TOKYO: Japanese companies’ investments in Southeast Asia surged last year to almost three times the amount invested in China, after relations between Beijing and Tokyo soured in 2012 and Chinese labour costs rose, a government agency of Japan said on Friday.

Japanese companies invested 2.33 trillion yen ($22.8 billion) in Singapore, Thailand, Indonesia, Malaysia, the Philippines and Vietnam last year, compared with 887bn yen in China, Japan’s largest trading partner, the Japan External Trade Organisation (JETRO), said.

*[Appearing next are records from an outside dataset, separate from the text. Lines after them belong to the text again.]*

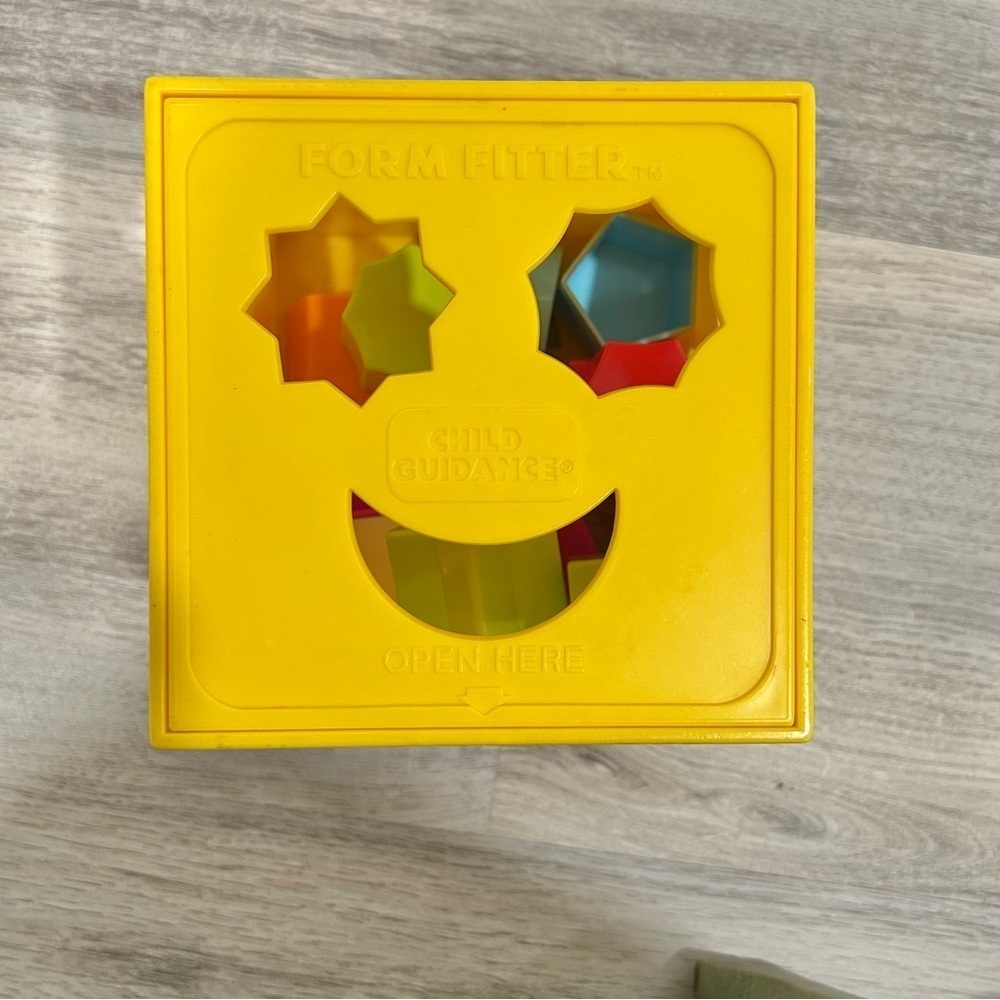 Vintage 80s Child Guidance Plastic Form Fitter Shape Sorter Baby Toy W/15 Shapes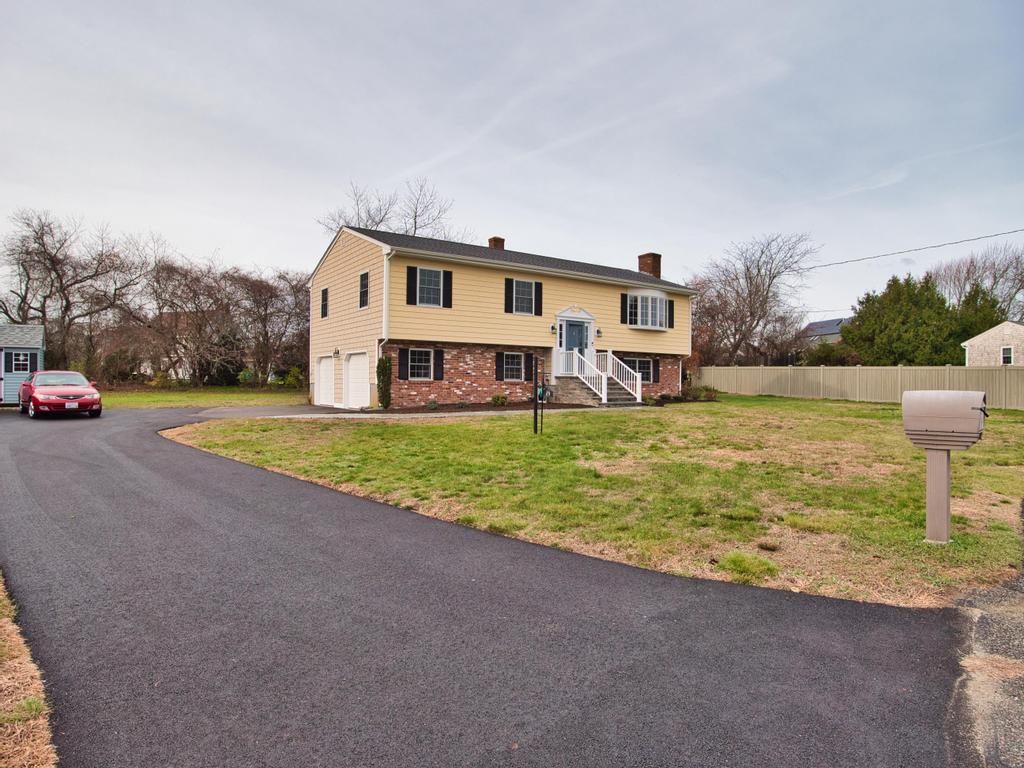 89 Wampanoag Drive T.L. Holland Real Estate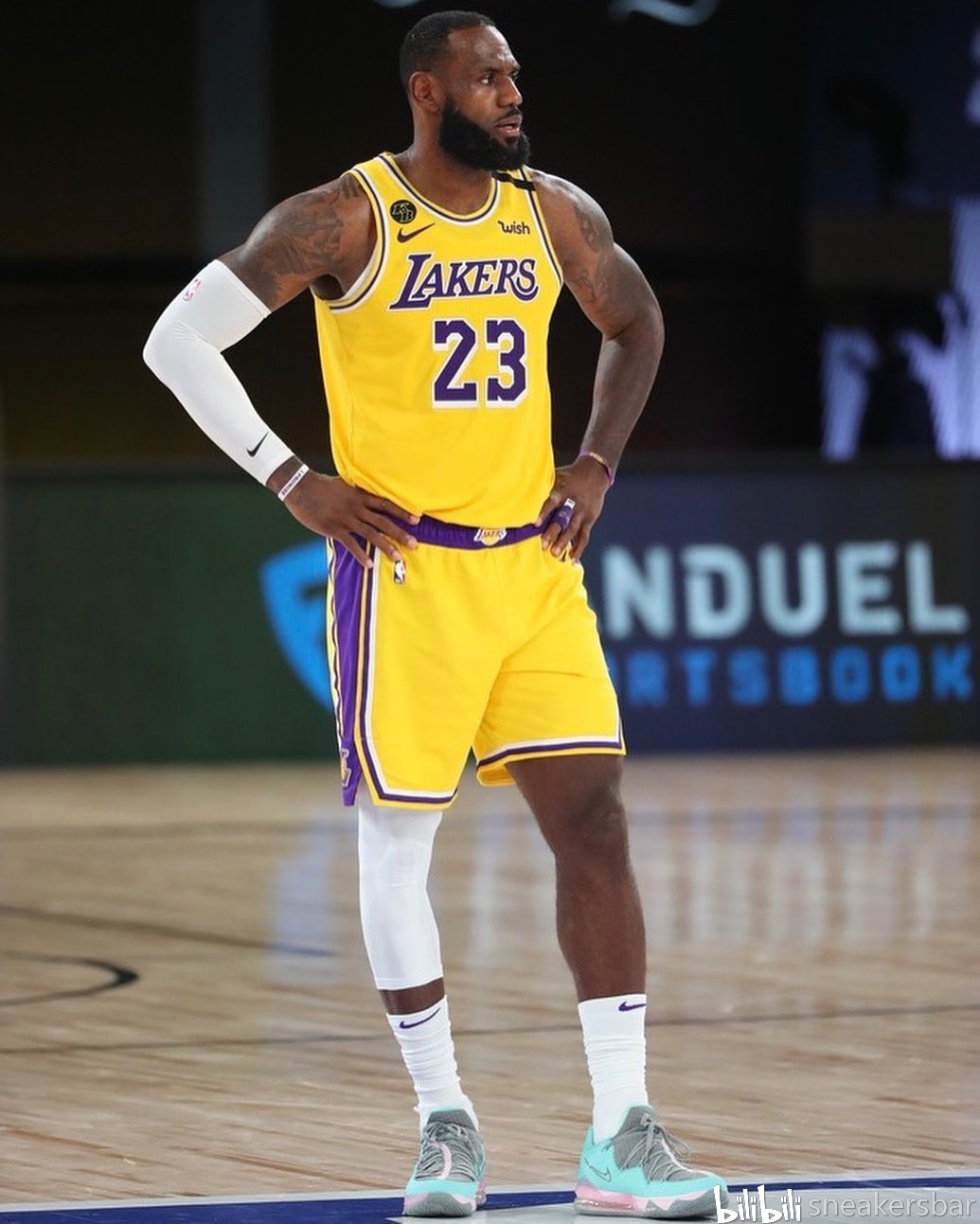 也为国足新 也为国足新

Investments doubled in Southeast Asia and fell 18 per cent in China over 2012 and China’s waning attraction is likely to continue as the ratio of companies planning expansion there fell to a record low of below 55pc, JETRO said, citing a survey of Japanese companies.

“Viewed from the Japanese companies’ headquarters, China’s economy and China’s political situation present a considerable amount of risk,” JETRO Chairman Hiroyuki Ishige told reporters at a briefing.

Sino-Japanese ties have been strained by a territorial row over tiny disputed isles in the East China Sea and perceptions in Beijing that Japanese Prime Minister Shinzo Abe wants to rewrite Japan’s wartime history and tone down past apologies.